Ce n’est que le jeudi 9 mars, soit trois jours avant l’Indépendance, qu’on a appris, après que le Conseil des ministres se soit exceptionnellement réuni ce jour-là, que la cérémonie du lever du drapeau aura lieu à la State House en ce dimanche, et ce en l’absence d’un invité officiel. On ne peut que se demander si ce manque d’égard pour une date si importante pour l’histoire de notre pays n’a pas un but précis : celui de censurer l’histoire du pays, en faisant abstraction de l’apport monumental de Sir Seewoosagur Ramgoolam pour l’obtention de notre indépendance en 1968. La question se pose puisque depuis un certain temps, les communiqués officiels du gouvernement, et même les reportages de la MBC, font mention, par exemple, de « l’aéroport de Plaisance » et du « jardin botanique de Pamplemousses » au lieu de « SSR International Airport » et de « SSR Botanical Garden » respectivement. Une façon somme toute très subtile de gommer le nom de SSR, et d’estomper l’histoire du pays.  

Et dire que nous nous indignons devant le manque, ou l’absence, de patriotisme de nos enfants. À qui la faute si on ne réagit pas quand il le faut ? Notre société est aujourd’hui à la dérive. En atteste la chanson honnie entonnée par un groupe d’élèves du collège Royal de Curepipe. L’ancien vice-Président Raouf Bundhun a raison de dire qu’il n’y a plus de « one people, one nation ». Notre société est plus que jamais fragmentée et divisée. La conséquence d’une politique divisionniste et communaliste prônée par le gouvernement MSM, avec le soutien de certains groupes extrémistes. Même les paroles « in peace, justice and liberty » sonnent désormais faux. Notre quiétude et notre sécurité sont plus que jamais menacées par l’insécurité grandissante, les vols, les crimes, la drogue, la corruption, le blanchiment d’argent. La justice et la méritocratie ne font plus que pâle figure devant le népotisme, la discrimination et le favoritisme, fut-il pour les recrutements dans le service civil, les nominations à des postes clés ou dans l’octroi des contrats publics. Nos libertés, qu’elles soient d’expression ou de mouvement, ne tiennent plus qu’à un fil, les lois régressives et la police répressive étant mises à contribution pour sanctionner toute forme de contestation.

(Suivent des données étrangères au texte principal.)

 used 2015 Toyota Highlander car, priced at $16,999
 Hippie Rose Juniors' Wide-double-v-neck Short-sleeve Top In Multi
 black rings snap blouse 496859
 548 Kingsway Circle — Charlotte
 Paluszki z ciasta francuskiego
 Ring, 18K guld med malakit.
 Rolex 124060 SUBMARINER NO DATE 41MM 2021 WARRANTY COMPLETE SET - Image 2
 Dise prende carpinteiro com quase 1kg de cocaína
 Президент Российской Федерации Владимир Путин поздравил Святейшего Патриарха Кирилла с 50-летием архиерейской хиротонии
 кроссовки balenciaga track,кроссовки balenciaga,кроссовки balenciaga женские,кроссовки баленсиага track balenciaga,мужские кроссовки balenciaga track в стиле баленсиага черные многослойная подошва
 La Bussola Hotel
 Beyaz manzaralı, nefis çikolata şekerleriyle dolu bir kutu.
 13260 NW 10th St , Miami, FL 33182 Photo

De jour en jour, nous glissons dangereusement vers une autocratie. Le récent rapport de V-Dem cite d’ailleurs Maurice parmi les douze pays autocratiques, aux côtés de Bénin, Botswana, Burkina Faso, Burundi, Tchad, Comores, Ghana, Côte d’Ivoire, Mali, Mozambique et Ouganda. « Democracy seems to hang on by a thread in Mauritius », souligne le rapport rendu public cette semaine. Maurice y est cité comme faisant partie des pays où la censure de la presse s’est aggravée durant ces dix dernières années. « Mauritius – once hailed as the only liberal democracy in Sub-Saharan Africa – recently introduced several regulations that restrict the work of broadcasting companies and journalists », note V-Dem. Pour rappel, c’est pour la troisième année consécutive que cette institution nous a placé sur une liste rouge en termes de démocratie. Mais le gouvernement s’en moque visiblement.

Le constat est dur en ce 12 mars. 55 ans après l’Indépendance, le pays fait face à d’énormes défis, tant sur le plan démocratique qu’économique et social. Il est paralysé par une crise institutionnelle où le Premier ministre est lui-même le premier fautif, irrespectueux qu’il est envers la séparation des pouvoirs, comme le démontre ses attaques à peine voilées contre le DPP. Notre pays est asphyxié par une économie parallèle caractérisée par la corruption, le blanchiment d’argent et le trafic de drogue, comme en témoigne l’affaire Franklin. Le pays est à genoux. La population souffre atrocement. Cry, beloved Motherland.